[TASK INSTRUCTIONS] Your answer must restate each entry below word for word, with no pictures in it.

[AVAILABLE DATA]
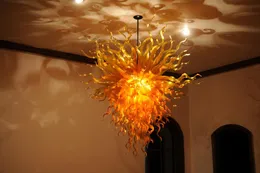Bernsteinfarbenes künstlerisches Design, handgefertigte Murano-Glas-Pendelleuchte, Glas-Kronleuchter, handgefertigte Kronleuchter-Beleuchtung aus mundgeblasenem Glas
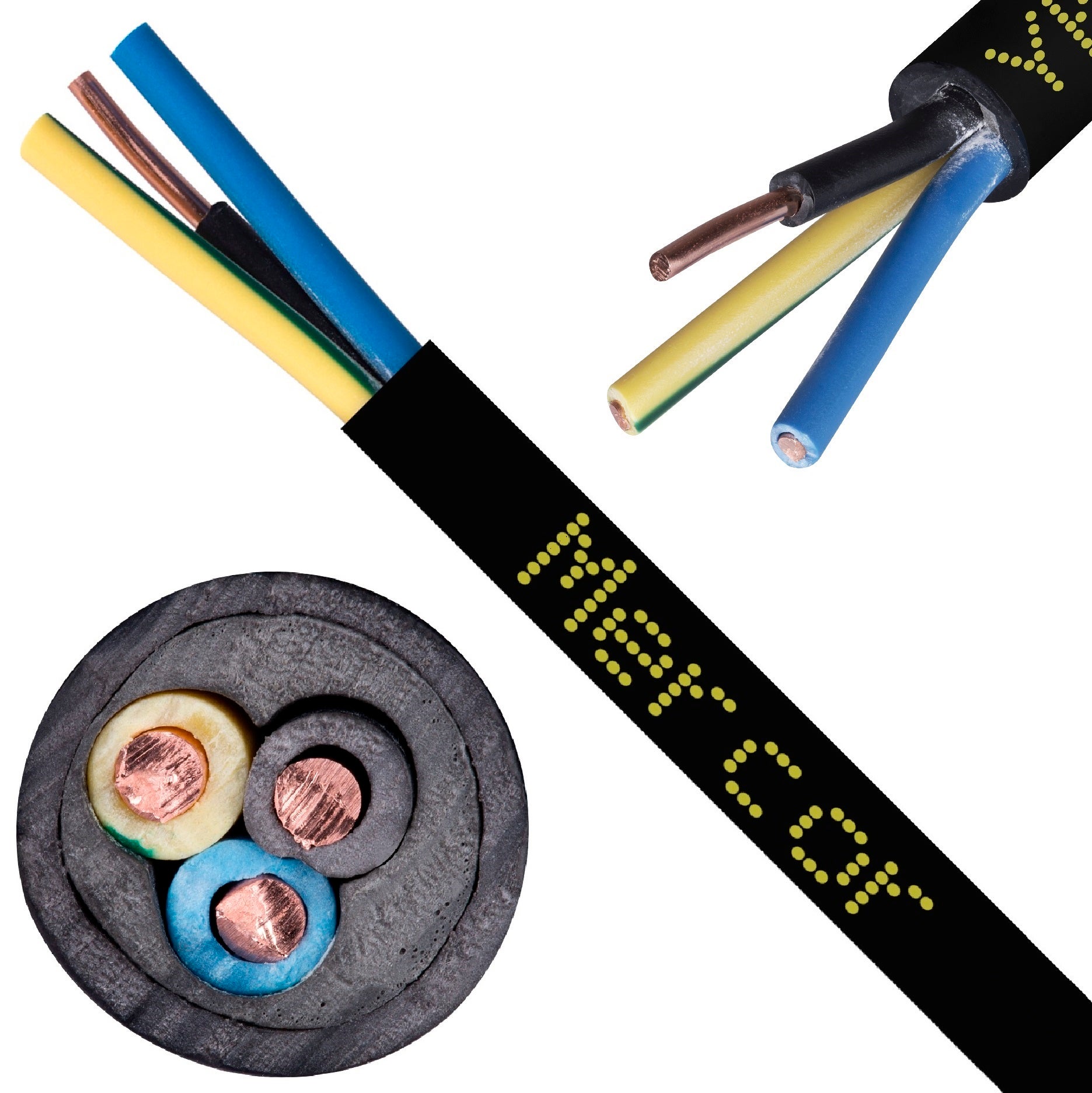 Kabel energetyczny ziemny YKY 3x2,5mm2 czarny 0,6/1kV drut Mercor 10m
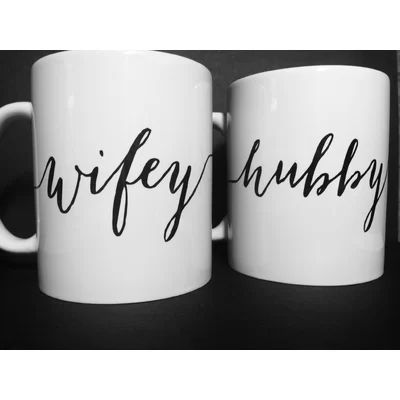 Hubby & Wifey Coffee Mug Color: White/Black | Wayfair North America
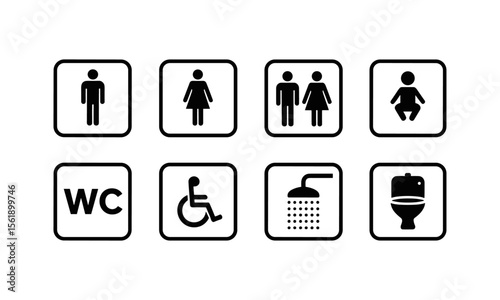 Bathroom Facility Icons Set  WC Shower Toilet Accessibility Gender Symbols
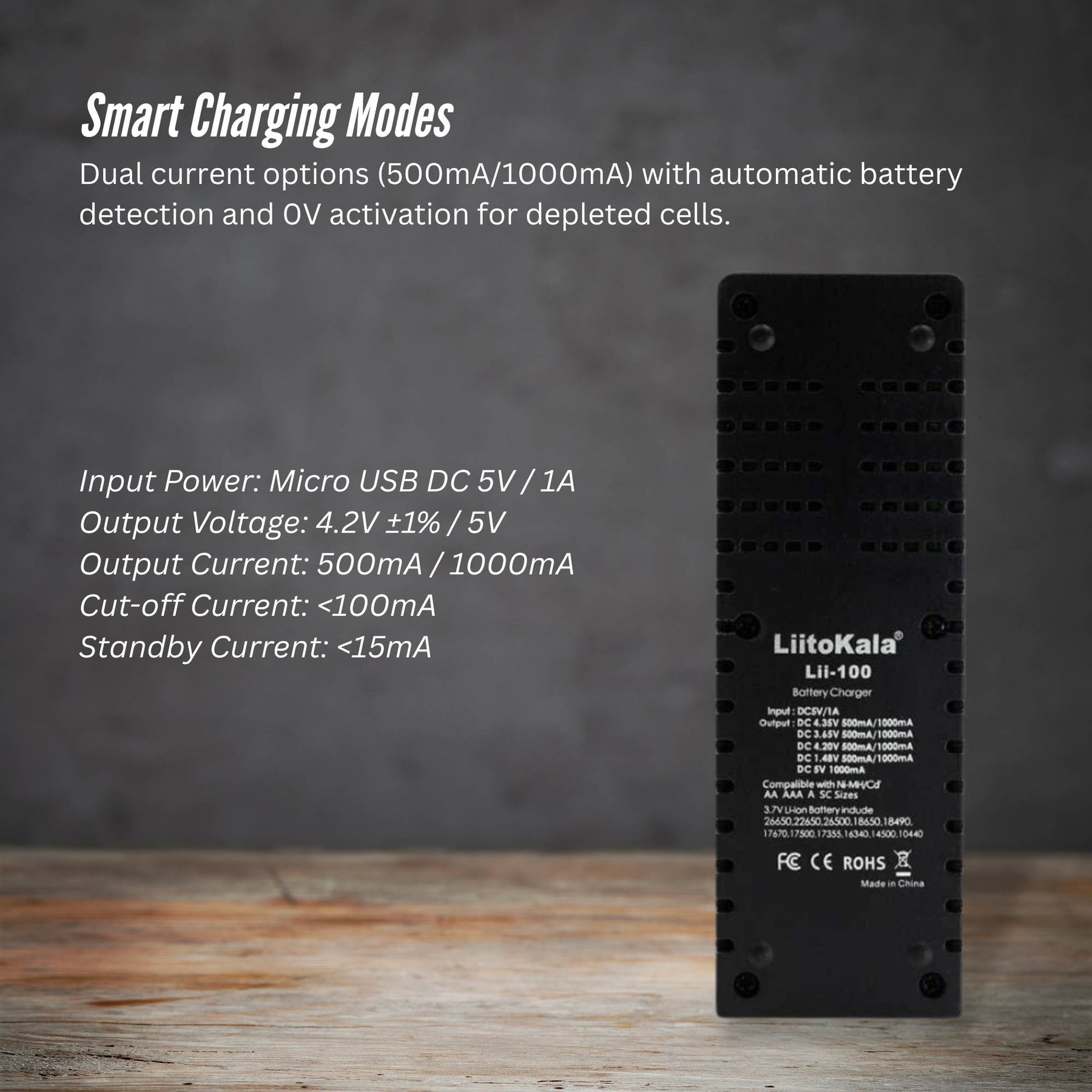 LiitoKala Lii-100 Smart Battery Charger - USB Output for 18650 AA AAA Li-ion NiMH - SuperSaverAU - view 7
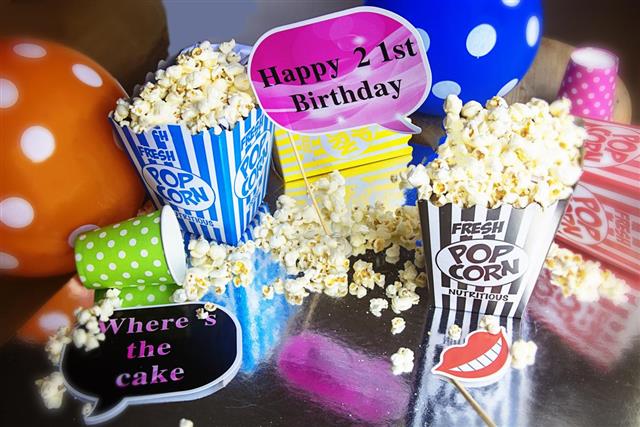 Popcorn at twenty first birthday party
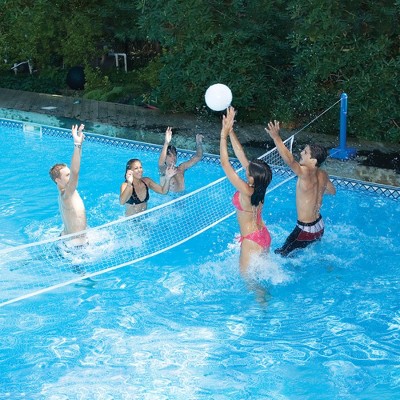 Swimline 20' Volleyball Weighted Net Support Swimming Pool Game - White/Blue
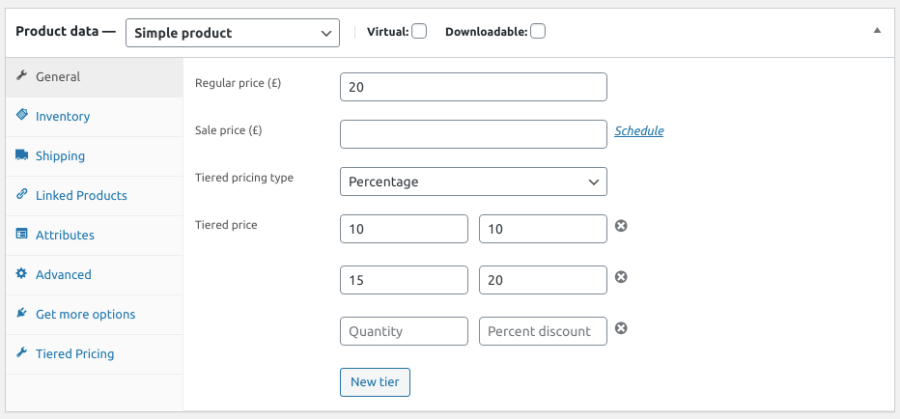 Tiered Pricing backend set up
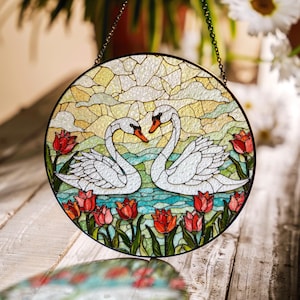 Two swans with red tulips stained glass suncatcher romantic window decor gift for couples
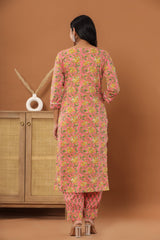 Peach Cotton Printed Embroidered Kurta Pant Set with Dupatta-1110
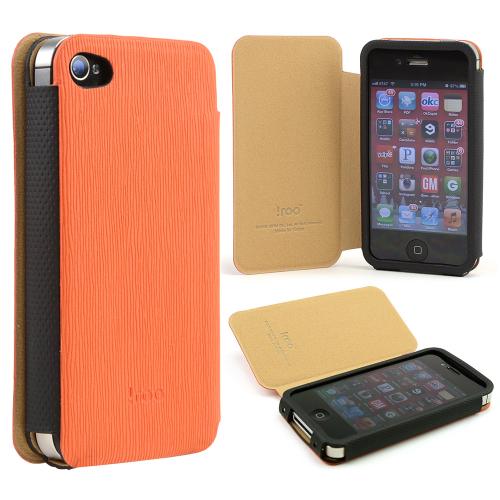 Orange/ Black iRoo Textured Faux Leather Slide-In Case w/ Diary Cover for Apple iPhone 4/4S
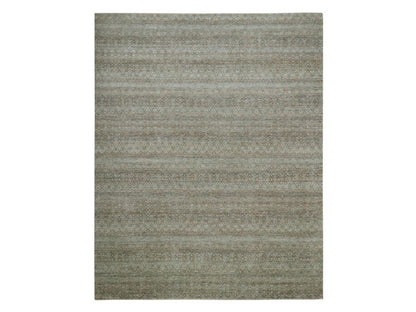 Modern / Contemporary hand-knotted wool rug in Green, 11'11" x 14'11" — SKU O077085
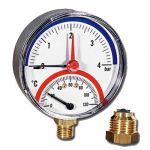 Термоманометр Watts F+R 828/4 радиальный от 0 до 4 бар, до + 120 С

[RESULT]
Bernsteinfarbenes künstlerisches Design, handgefertigte Murano-Glas-Pendelleuchte, Glas-Kronleuchter, handgefertigte Kronleuchter-Beleuchtung aus mundgeblasenem Glas
 Kabel energetyczny ziemny YKY 3x2,5mm2 czarny 0,6/1kV drut Mercor 10m
 Hubby & Wifey Coffee Mug Color: White/Black | Wayfair North America
 Bathroom Facility Icons Set  WC Shower Toilet Accessibility Gender Symbols
 LiitoKala Lii-100 Smart Battery Charger - USB Output for 18650 AA AAA Li-ion NiMH - SuperSaverAU - view 7
 Popcorn at twenty first birthday party
 Swimline 20' Volleyball Weighted Net Support Swimming Pool Game - White/Blue
 Tiered Pricing backend set up
 Two swans with red tulips stained glass suncatcher romantic window decor gift for couples
 Peach Cotton Printed Embroidered Kurta Pant Set with Dupatta-1110
 Orange/ Black iRoo Textured Faux Leather Slide-In Case w/ Diary Cover for Apple iPhone 4/4S
 Modern / Contemporary hand-knotted wool rug in Green, 11'11" x 14'11" — SKU O077085
 Термоманометр Watts F+R 828/4 радиальный от 0 до 4 бар, до + 120 С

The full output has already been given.